The mountain is still as imposing as it was when Spanish soldiers, their armor clanking, first set eyes upon its red, rocky slopes rising 15,800 feet into the deep blue skies of Bolivia’s southern highlands.

But Nestor Rene Espinoza, a longtime engineer who recently completed the most extensive study of Rich Mountain’s stability, said the evidence of volatility is hard to ignore.

There are 600 mines, he said, and 65 miles of tunnels. Gaping, unmarked shafts drop to oblivion. Runoff turns soil to mush. Part of the mountain’s iconic cone already collapsed into itself.

“We’ve taken all manner of riches from the mountain, but we have not given it the love it now needs,” Espinoza told representatives from Potosi’s mining sector on a recent night. “I’ve said it before: The mountain is ill, and it requires medical care.”

Espinoza’s findings, which were released in August, showed that five large areas of the mountain’s upper levels are at high risk of collapse.
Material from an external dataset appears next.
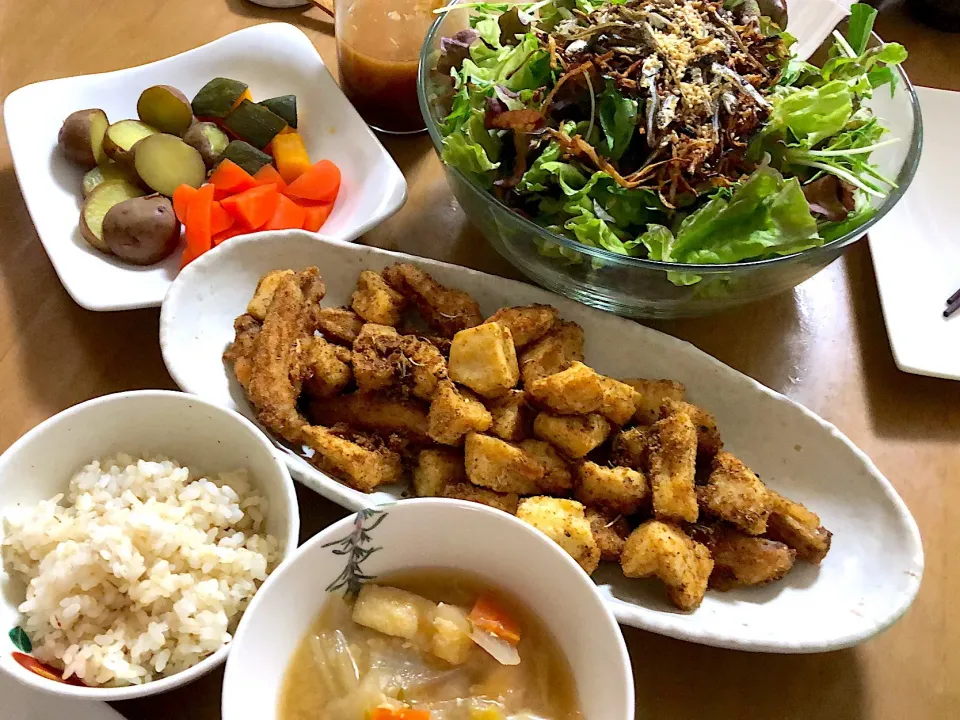 チキンスティックと高野豆腐のスパイス揚げ|横井朱里さん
The best solution, he said in an interview, is to pump cement into the abandoned shafts, an operation that would cost at least $300 million and take more than a year.

“The mountain has lost the capacity to support itself, so that means we have to intervene,” Espinoza said, noting that because the mountain is under the control of the miners, they are the ones who probably would have to come up with the money.

Such an intervention is not going over well in Potosi, where Rich Mountain employs one of every nine inhabitants and is a national symbol for its vital, if tragic, role in Bolivian history.